Мы посидели в кабинете, поговорили для приличия ни о чем, и, когда я посчитал, что можно приступить к делу, нас неожиданно пригласили в столовую. Тот же стиль — стойка буфета, женский портрет на стене и стол. Все. Но на столе, покрытом крахмальной, хрустящей белой скатертью, с чинно торчащими салфетками, был роскошный завтрак — с черной икрой, горячим и коньяком. Кончился завтрак — кончился визит. Разговор по делу так и не состоялся. Николай Робертович проводил в переднюю, подал пальто, распрощался, просил звонить — как-то неопределенно.
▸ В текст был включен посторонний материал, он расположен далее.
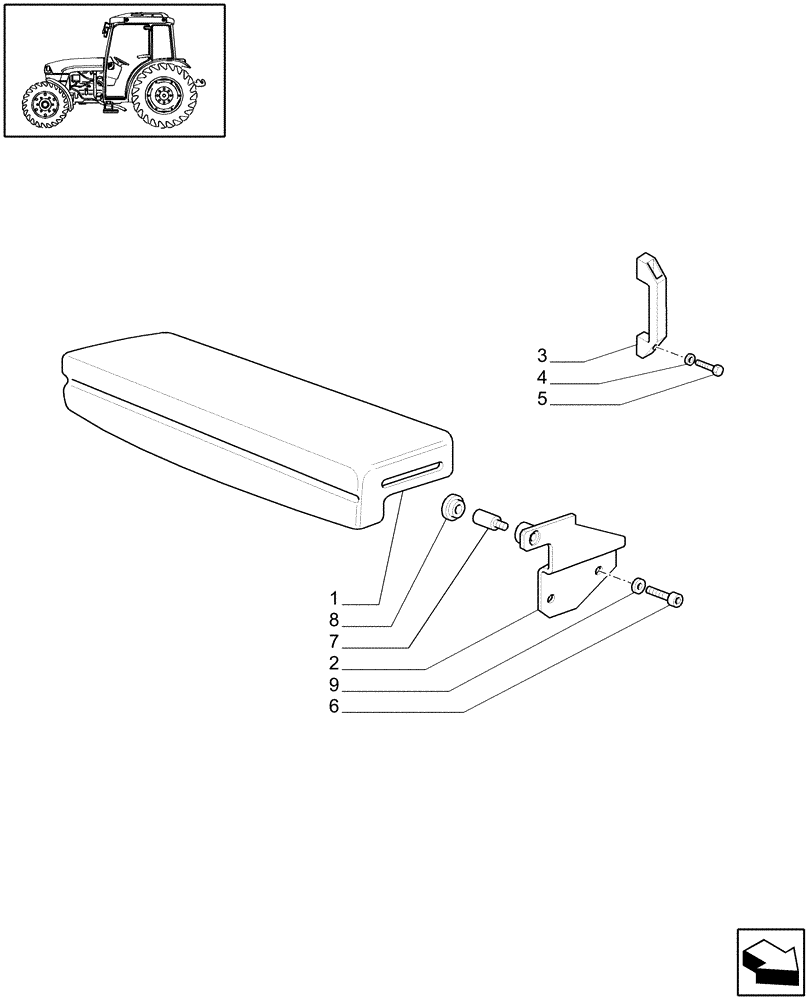 Схема запчастей Case IH JX1095C - (1.92.85/08[01]) - (VAR.839) FRONT PTO LIFT FOR EDC - PASSENGER SEAT (10) - OPERATORS PLATFORM/CAB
Выждав некоторое время, я позвонил. Снова был приглашен лаконичным «заходите», вся процедура повторилась, но дело не продвинулось. На все мои попытки заговорить о будущем номере Николай Робертович благожелательно, понимающе кивал и переводил разговор на другую тему. Шло время, визиты продолжались и отличались один от другого — в соответствии с временем суток — завтраком, обедом или ужином. До творчества дело не дошло. Так и не состоялась встреча с новым произведением, он ничего не написал…
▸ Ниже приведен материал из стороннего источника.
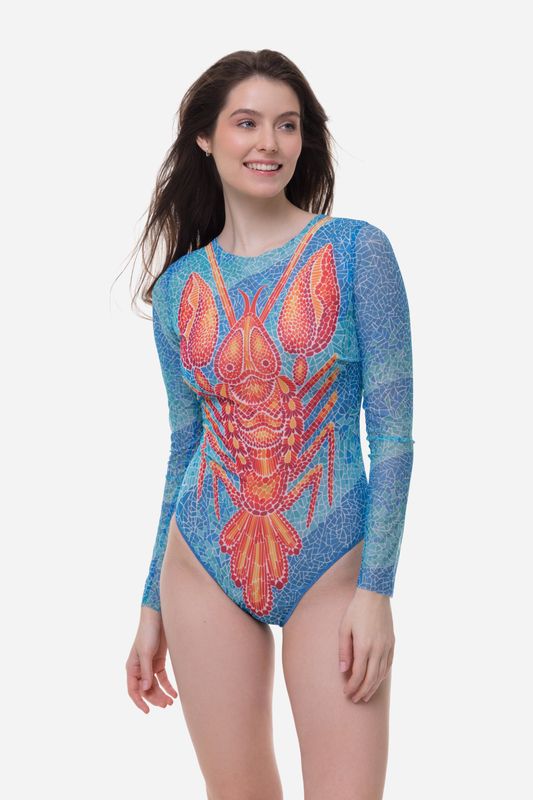 Closed Back One-piece Swimsuit with Sleeves "Lobster"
Но состоялось нечто большее, обогатившее меня в жизни, — состоялось дружество с замечательной личностью, незаурядным человеком, который постепенно раскрывался совершенно противоположно первому впечатлению. Ни чопорным, ни злым он не был, это была броня, защищавшая его от жизни. Он был мягким, интеллигентным и добрым человеком, наделенным незаурядным даром, он, в сути своей, был прост, любил жизнь, искусство и свою маму, которую регулярно навещал, а в известный период вынужденного отсутствия аккуратно писал ей и, в тех условиях, не теряя юмора, подписывался «твой Мамин-Сибиряк».
Николай Робертович трудно шел на контакты, не любил распахивать свою душу, но то, что он приоткрывал, было полно достоинства и света. Он был индивидуальностью, со своими представлениями и своими категориями оценок явлений жизни. Например, он любил говорить: «Искусство — скандал!» Я долго поддакивал, не понимая, почему скандал, — для меня, человека, выросшего в коммунальной квартире, слово «скандал» имело совсем другое значение, несовместимое с искусством. Позже я понял: «скандал» в устах Николая Робертовича означал громкий успех, эпатаж, который должно было производить всякое подлинное искусство в обществе.